Pictures with short captions:
..........

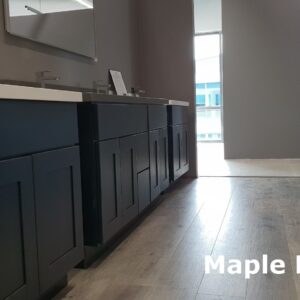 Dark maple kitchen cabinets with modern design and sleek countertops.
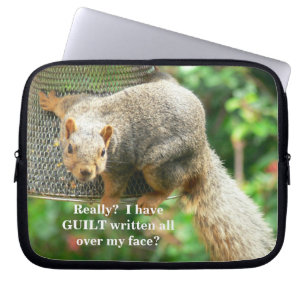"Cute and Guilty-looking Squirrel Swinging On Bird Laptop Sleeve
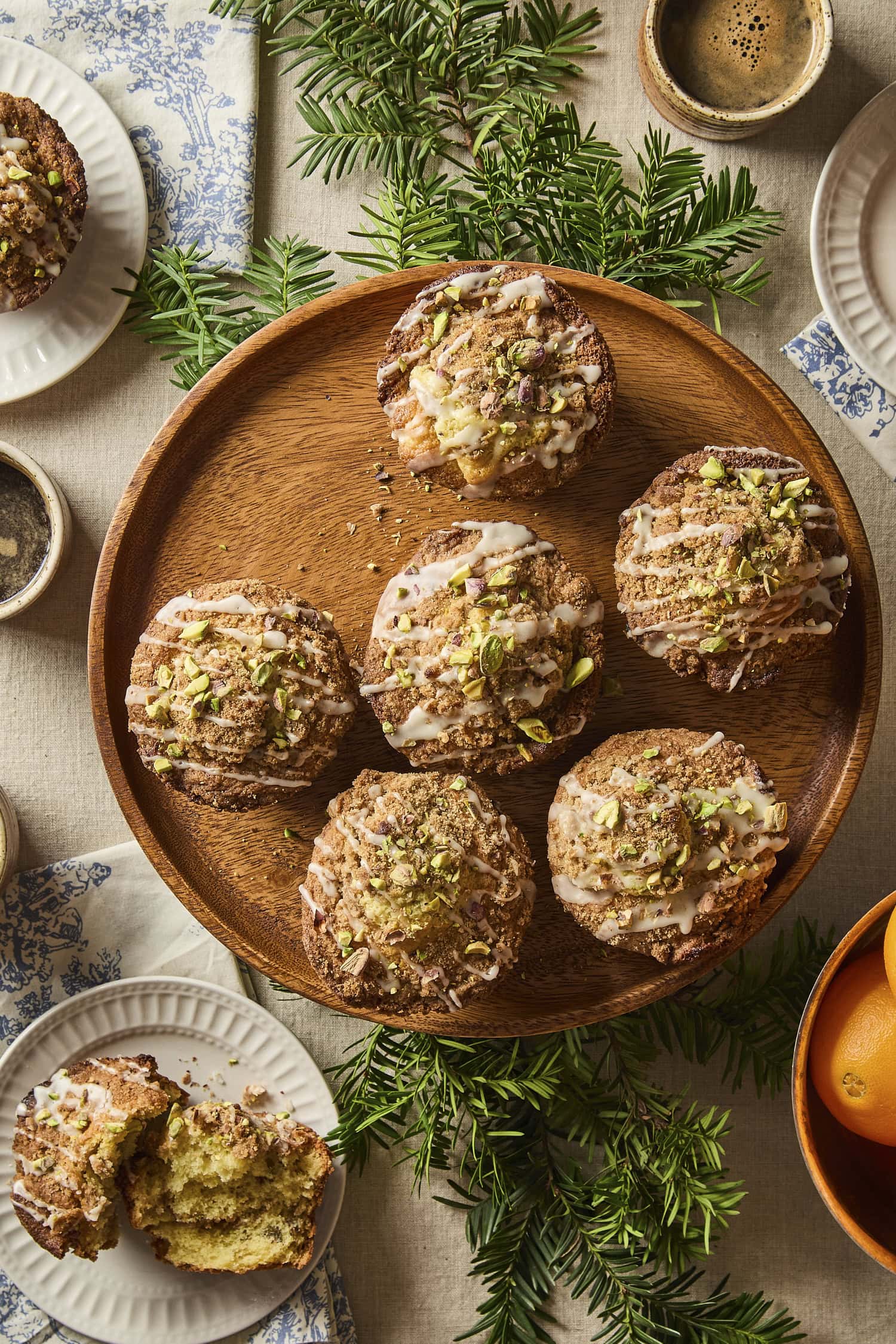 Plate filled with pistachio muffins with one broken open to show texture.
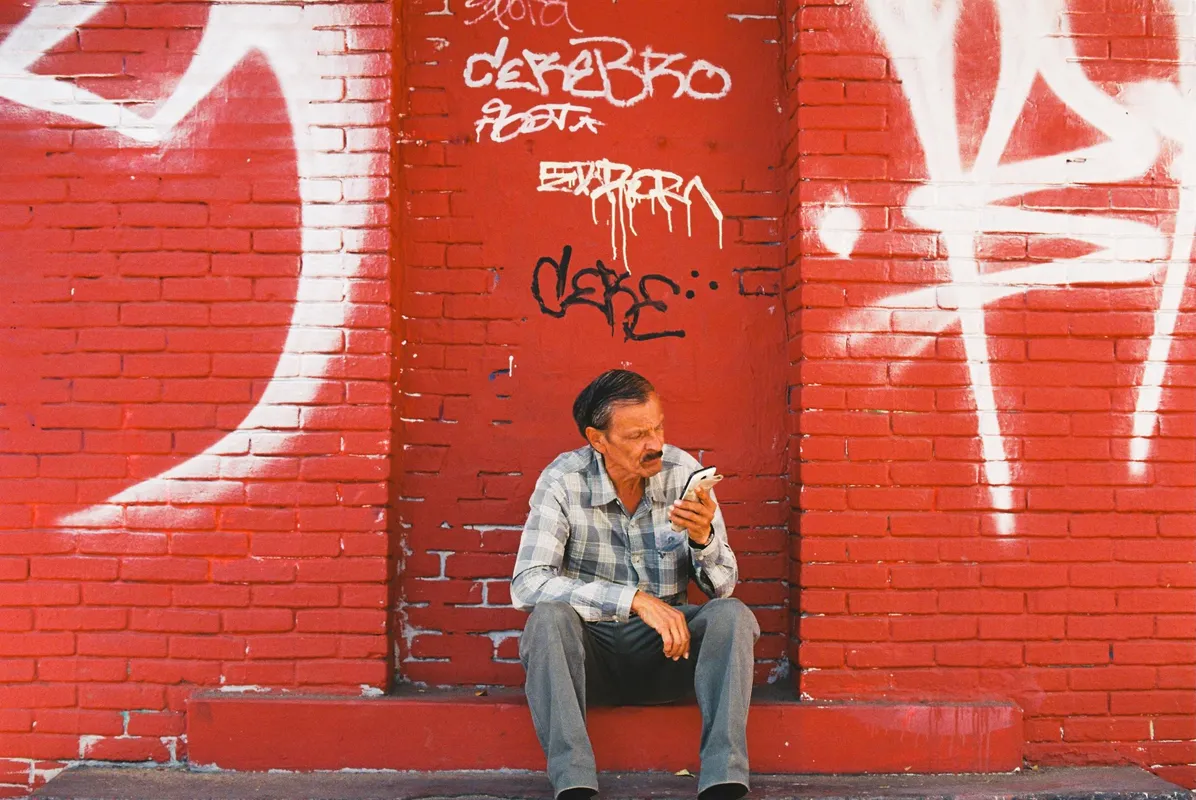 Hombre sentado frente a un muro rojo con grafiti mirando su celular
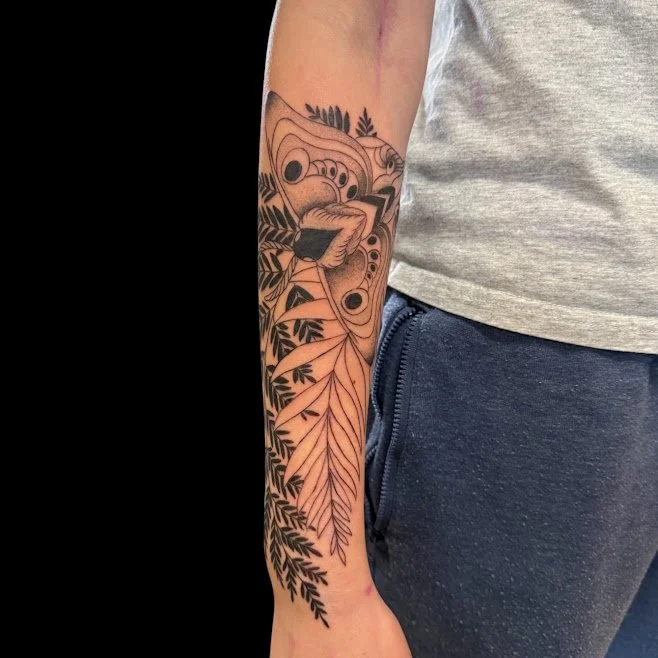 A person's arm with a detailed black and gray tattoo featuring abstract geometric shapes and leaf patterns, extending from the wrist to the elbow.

..........

» Instructions for the task
No picture belongs in the answer, but every word of the records above does, exactly as given.

» Exercise output
 Dark maple kitchen cabinets with modern design and sleek countertops.
"Cute and Guilty-looking Squirrel Swinging On Bird Laptop Sleeve
 Plate filled with pistachio muffins with one broken open to show texture.
 Hombre sentado frente a un muro rojo con grafiti mirando su celular
 A person's arm with a detailed black and gray tattoo featuring abstract geometric shapes and leaf patterns, extending from the wrist to the elbow.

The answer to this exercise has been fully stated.